Grout: Yes, I was going to say these quality measures and the recommendations really are just two sides of the same coin. So as we are trying to build a very actionable and unambiguous recommendation, the quality measure should be just very obvious by looking at those exact same criteria.
HCI: But is this shift to electronic clinical quality measures really difficult for the provider groups?
Grout: Absolutely it is difficult. I think the scope and the volume of the CMS measures are what lend some of that to difficulty. For example, in our pediatrics space, our guidelines are often targeted for a certain population, certain circumstance, certain disease process or something like that. So we have perhaps a narrower scope, but even within that scope, trying to account for edge cases in a flow diagram, you imagine the tree branching out. If the scope is general health in the United States, for CMS, you can imagine just so many branches and use cases and edge cases to account for that it becomes this immense work to try to program that in. So you either get something very vague and broad or get something so unwieldy that it becomes just nearly impossible to program in. I think the sheer complexity of trying to capture something so wide ranging, so detail-oriented, is certainly a monumental task.
Downs: I think one of the other issues that’s probably important is that people are often struggling to find the data that are needed to do these quality metrics. They’ll say, “Well, we don’t measure that.” And that’s why, from the PPI standpoint, what really needs to happen is you have to go upstream. You have to say, “OK, if we have decided that what’s really important is we’re going to screen all teenagers for depression, then we have to go upstream and have a way to capture that information.” And to our earlier point, as long as you’re going to do that, why don’t you build a decision support system that will remind people to do the depression screening at every visit? Then your decision support system is capturing your denominator and numerator.
HCI: So you’re saying that they should have the the reminder to do the action first, and then you can measure whether it’s getting done often enough?

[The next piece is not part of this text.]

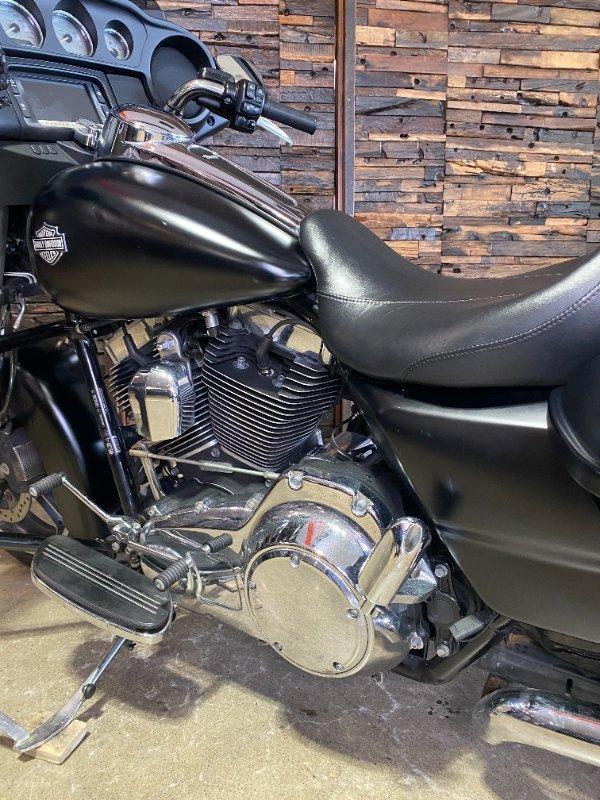 2015 HARLEY-DAVIDSON STREET GLIDE SPECIAL CRUISER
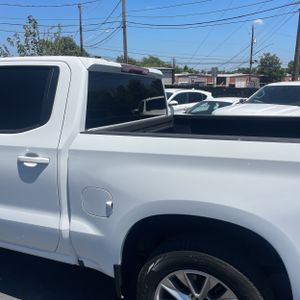 صورة 6 لـ 2021 Chevrolet SILVERADO 1500 LT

Downs: Exactly. This is my whole argument for CHICA. If this is important enough to measure, then it’s an important enough thing to go upstream and work on improving it. Then measuring it is not a big deal because you already built that into your system in order to improve it. That is not the way the system currently works. The way the system currently works is that somebody decides, here’s a quality metric, and the ACOs and clinic people, their hair catches on fire because they say now we have got to work on improving this thing, and then they drop all the other balls that they’re carrying and focus on that thing. We think that if we went upstream, we could simplify things.